From the first line of the entries below through the line holding "Beautifully lit staircase", write out every line exactly, please, and leave out the pictures.
==== EXERCISE MATERIAL
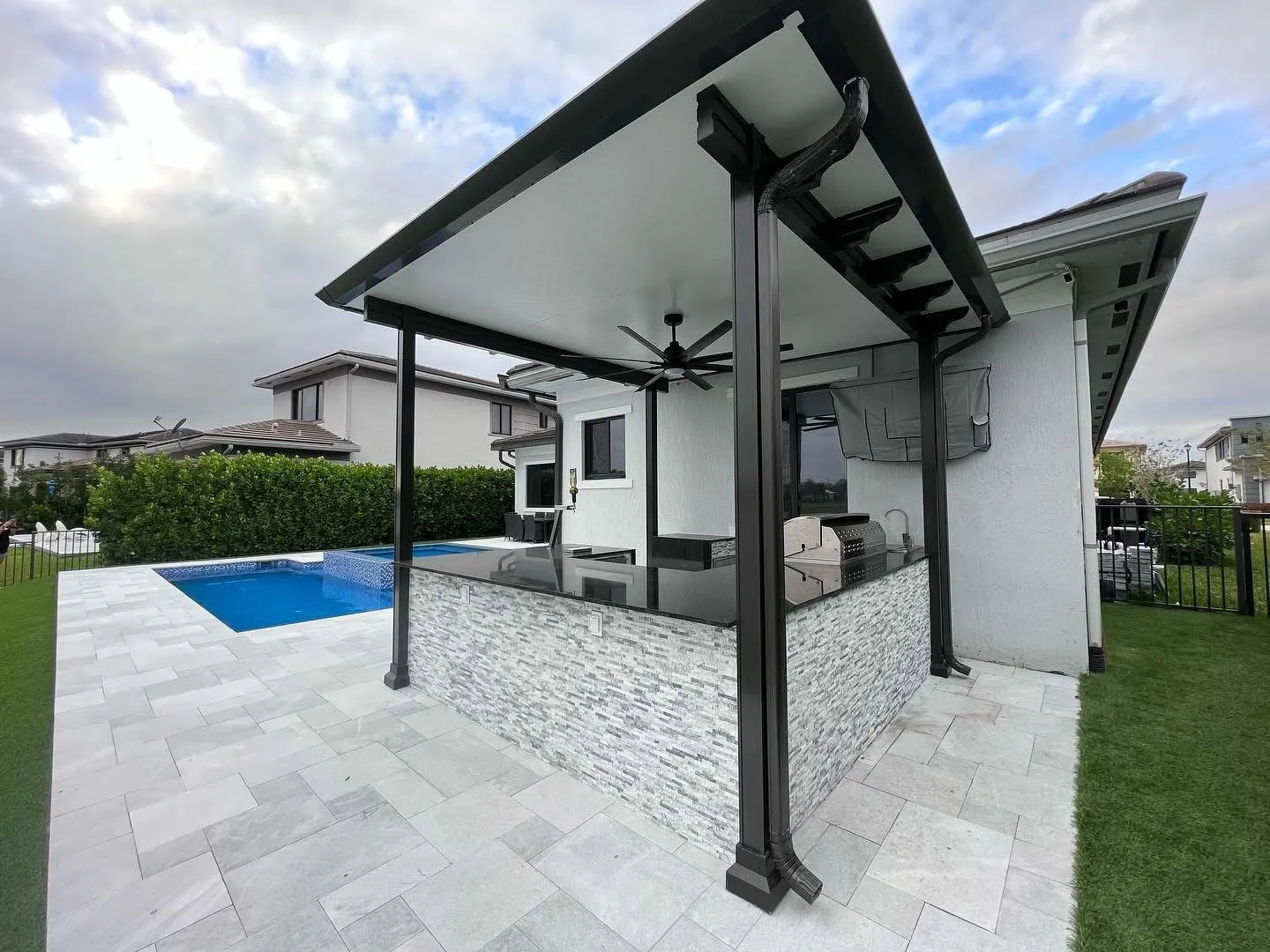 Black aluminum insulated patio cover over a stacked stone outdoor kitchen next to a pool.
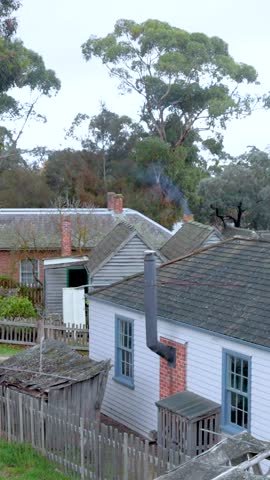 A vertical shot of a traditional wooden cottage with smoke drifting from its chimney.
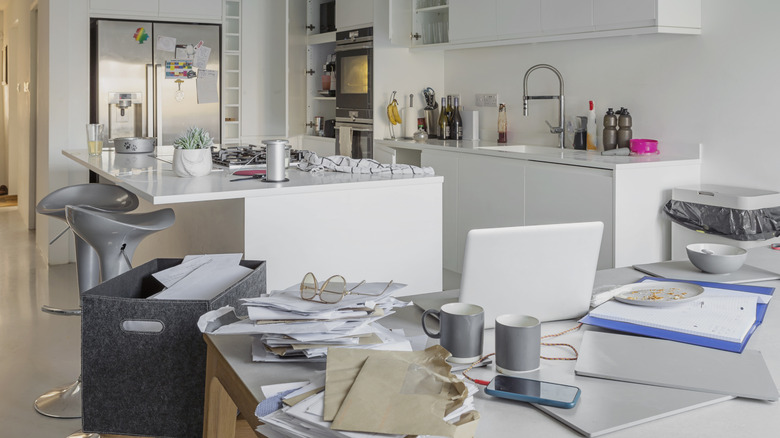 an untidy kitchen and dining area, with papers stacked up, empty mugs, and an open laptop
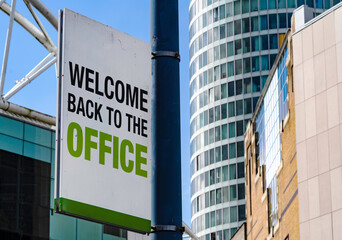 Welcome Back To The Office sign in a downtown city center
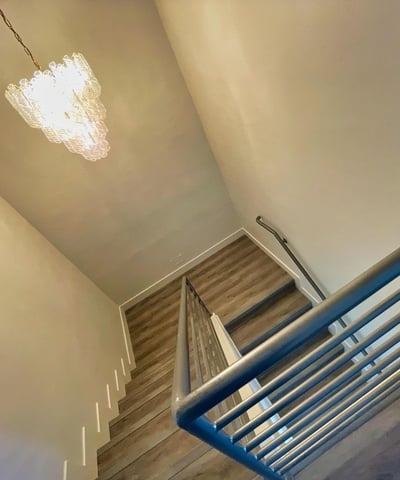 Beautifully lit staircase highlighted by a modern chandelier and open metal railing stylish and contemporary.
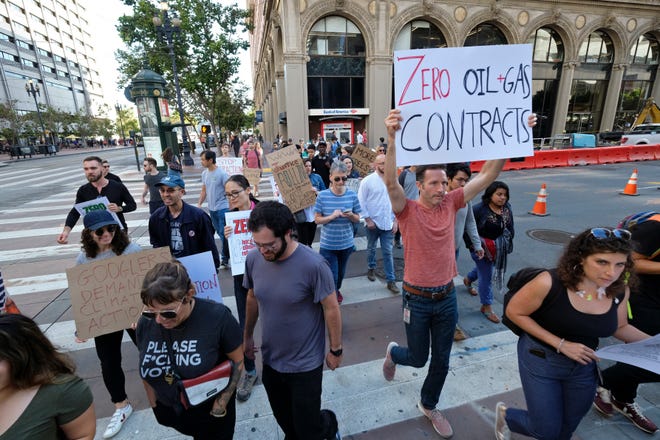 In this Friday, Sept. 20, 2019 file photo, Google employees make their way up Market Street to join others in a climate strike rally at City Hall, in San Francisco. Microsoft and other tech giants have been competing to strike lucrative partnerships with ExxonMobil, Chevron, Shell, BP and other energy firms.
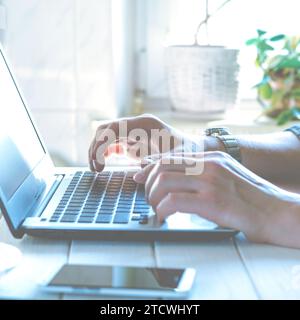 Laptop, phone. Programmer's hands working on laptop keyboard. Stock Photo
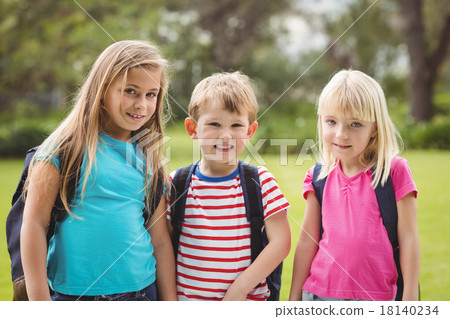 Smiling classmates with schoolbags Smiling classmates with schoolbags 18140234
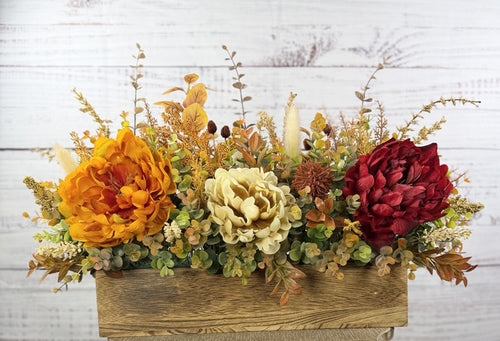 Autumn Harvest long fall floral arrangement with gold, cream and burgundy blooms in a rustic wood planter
========
**TASK ANSWER**:
 Black aluminum insulated patio cover over a stacked stone outdoor kitchen next to a pool.
 A vertical shot of a traditional wooden cottage with smoke drifting from its chimney.
 an untidy kitchen and dining area, with papers stacked up, empty mugs, and an open laptop
 Welcome Back To The Office sign in a downtown city center
 Beautifully lit staircase highlighted by a modern chandelier and open metal railing stylish and contemporary.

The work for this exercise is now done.